→ **ASSIGNMENT**
Print exactly what appears from the line containing "Porta-chaves Disney Lilo & Stitch Angel" through the final line of the data below, pictures excluded.

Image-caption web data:
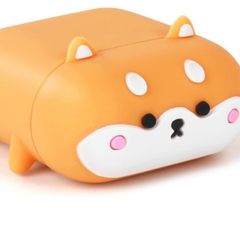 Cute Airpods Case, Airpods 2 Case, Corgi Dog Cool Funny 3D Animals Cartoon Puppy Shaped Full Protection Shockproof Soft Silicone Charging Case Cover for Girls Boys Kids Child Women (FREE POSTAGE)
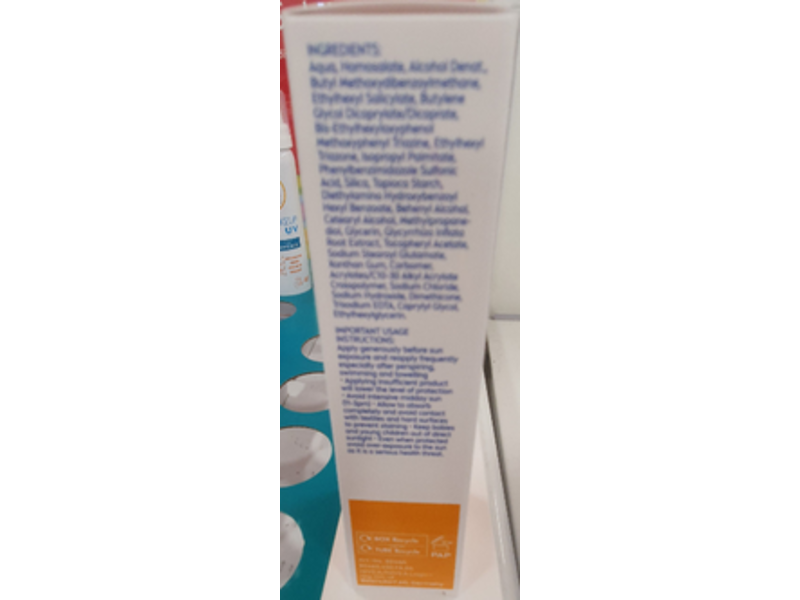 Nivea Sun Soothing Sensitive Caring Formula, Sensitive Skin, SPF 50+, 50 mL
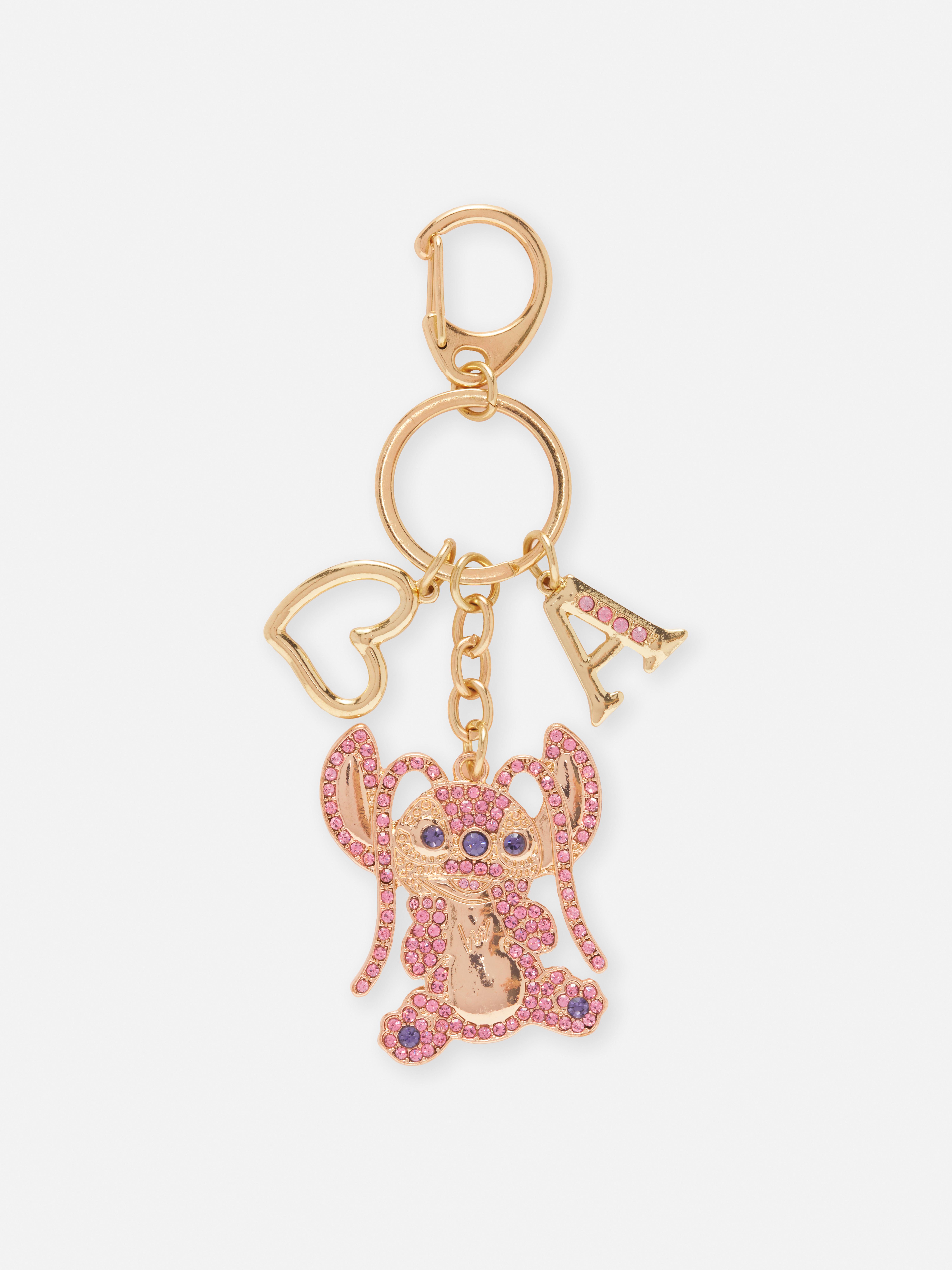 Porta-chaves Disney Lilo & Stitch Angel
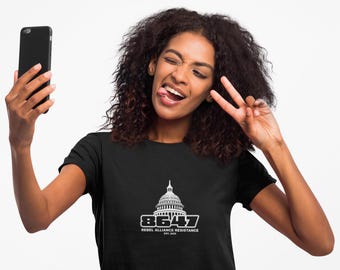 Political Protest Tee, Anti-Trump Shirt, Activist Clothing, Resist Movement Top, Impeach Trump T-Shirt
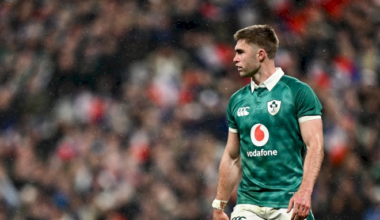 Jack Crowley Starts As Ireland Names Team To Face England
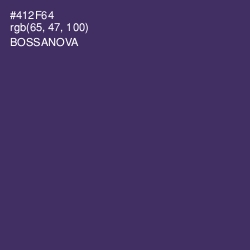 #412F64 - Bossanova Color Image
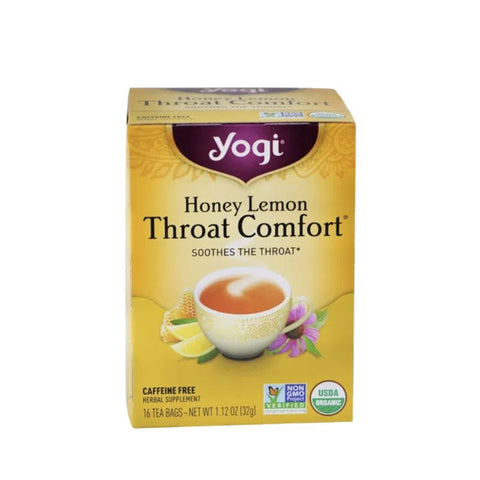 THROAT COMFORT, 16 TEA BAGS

→ **ANSWER TO THE PROBLEM**
 Porta-chaves Disney Lilo & Stitch Angel
 Political Protest Tee, Anti-Trump Shirt, Activist Clothing, Resist Movement Top, Impeach Trump T-Shirt
 Jack Crowley Starts As Ireland Names Team To Face England
 #412F64 - Bossanova Color Image
 THROAT COMFORT, 16 TEA BAGS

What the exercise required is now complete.